Among the lines below, the one containing "Outdoor camping badge" opens the range and the one containing "Women's oversized wide-leg" closes it. Print that range exactly, without the pictures.

GIVEN INFORMATION —
--- START ---

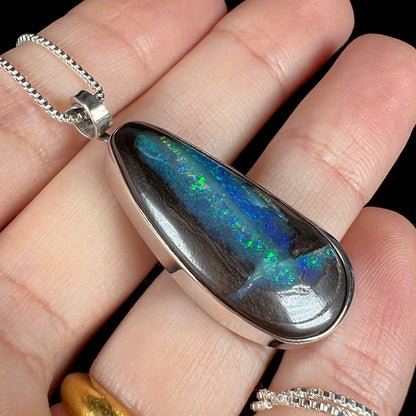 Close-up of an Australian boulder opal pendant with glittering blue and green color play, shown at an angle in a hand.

--- END ---
--- START ---

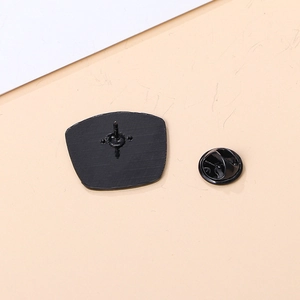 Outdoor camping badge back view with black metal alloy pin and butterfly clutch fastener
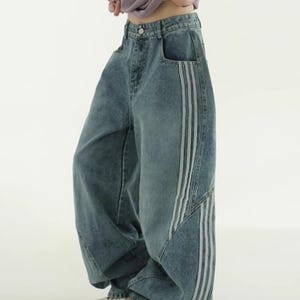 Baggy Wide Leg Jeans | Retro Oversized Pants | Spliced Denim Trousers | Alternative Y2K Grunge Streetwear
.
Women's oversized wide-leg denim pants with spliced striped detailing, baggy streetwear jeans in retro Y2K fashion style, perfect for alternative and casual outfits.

--- END ---
--- START ---

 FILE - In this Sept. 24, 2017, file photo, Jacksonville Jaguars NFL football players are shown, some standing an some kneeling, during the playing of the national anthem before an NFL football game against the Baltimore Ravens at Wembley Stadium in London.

--- END ---

YOUR SOLUTION —
 Outdoor camping badge back view with black metal alloy pin and butterfly clutch fastener
 Baggy Wide Leg Jeans | Retro Oversized Pants | Spliced Denim Trousers | Alternative Y2K Grunge Streetwear
.
Women's oversized wide-leg denim pants with spliced striped detailing, baggy streetwear jeans in retro Y2K fashion style, perfect for alternative and casual outfits.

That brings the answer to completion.